Value Added Tax is all set to begin its regime in the UAE region from January 1, 2018. It is expected that the new tax system will strengthen the nation by generating more revenues from non-oil businesses.
VAT is an indirect tax that is not based on the income but works with expenditure. It is applicable to goods and services within the value chain based on the value each state till it reached the end consumer, which the final taxation level.
some people fear that tax bring some negative meaning and the impact is very serious. So, to understand it better, it is important to learn how it is going to impact the household financially. As the VAT is a consumption-based tax, therefore it is important to take note of your consumption habits. Not every item is liable for VAT.
If your household items include only necessary items then the shopping bill not increase and will be under five percent bracket. The major impact of VAT will be experienced when you opt retail shopping.
Also, the retailers need to prepare for the upcoming VAT regime. This is what they should be looking forward to the VAT rollout:
Improving IT Infrastructure
For the smooth working of the VAT system, it is recommended to upgrade the existing systems. The major task is to frame a network of tax professional’s that needs to be executed at an early stage.
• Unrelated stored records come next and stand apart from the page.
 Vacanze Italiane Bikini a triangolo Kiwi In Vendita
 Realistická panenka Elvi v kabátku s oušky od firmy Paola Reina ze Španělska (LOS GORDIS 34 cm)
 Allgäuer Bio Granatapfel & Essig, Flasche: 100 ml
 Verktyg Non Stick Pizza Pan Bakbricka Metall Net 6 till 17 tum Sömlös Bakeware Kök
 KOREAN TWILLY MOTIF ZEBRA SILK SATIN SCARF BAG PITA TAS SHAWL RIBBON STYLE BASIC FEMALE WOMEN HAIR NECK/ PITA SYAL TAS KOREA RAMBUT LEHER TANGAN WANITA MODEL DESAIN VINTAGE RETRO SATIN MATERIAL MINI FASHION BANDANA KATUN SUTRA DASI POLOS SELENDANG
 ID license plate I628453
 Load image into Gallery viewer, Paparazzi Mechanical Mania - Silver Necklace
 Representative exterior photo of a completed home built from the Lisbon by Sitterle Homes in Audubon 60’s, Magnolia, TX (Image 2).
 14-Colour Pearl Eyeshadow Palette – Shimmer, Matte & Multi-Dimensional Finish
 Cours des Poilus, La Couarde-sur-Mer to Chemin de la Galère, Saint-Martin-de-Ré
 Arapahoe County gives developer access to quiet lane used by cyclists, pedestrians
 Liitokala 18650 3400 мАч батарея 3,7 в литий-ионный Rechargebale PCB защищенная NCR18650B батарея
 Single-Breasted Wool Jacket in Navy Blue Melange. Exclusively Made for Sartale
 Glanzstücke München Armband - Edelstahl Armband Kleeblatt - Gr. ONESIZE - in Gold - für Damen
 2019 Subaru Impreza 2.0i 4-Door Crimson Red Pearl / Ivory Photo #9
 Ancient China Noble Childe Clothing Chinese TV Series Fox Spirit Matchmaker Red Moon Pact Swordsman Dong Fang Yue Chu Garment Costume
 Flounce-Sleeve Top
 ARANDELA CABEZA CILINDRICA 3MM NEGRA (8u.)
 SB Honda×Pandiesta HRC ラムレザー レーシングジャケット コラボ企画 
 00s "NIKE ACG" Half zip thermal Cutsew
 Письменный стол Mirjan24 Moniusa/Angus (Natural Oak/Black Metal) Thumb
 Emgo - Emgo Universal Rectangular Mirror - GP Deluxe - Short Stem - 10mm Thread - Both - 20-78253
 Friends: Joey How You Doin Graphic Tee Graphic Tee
The requirement of tax professions with some experience in the VAT will go high. As it is the part of the pan-GCC, the demand for such professionals will go high.
The major challenge for retailers is to plan the discount strategy. Looking into the sale culture in the retail capital Dubai, the impact of VAT will be levied on the retailer community.
Acknowledge Consumer Mindset
In order to understand the impact of VAT on Household Budget, it important to know the consumers. The tourist factor is the most highlighting here. How will the refund for tourists work, which is an important part of the retail sector?
According to experts, the net impact of VAT on UAE median households would be around 3 percent, which is minimal. Furthermore, the initial impact is expected to taper within three to six months as consumers get used to the VAT impact (similar to Salik).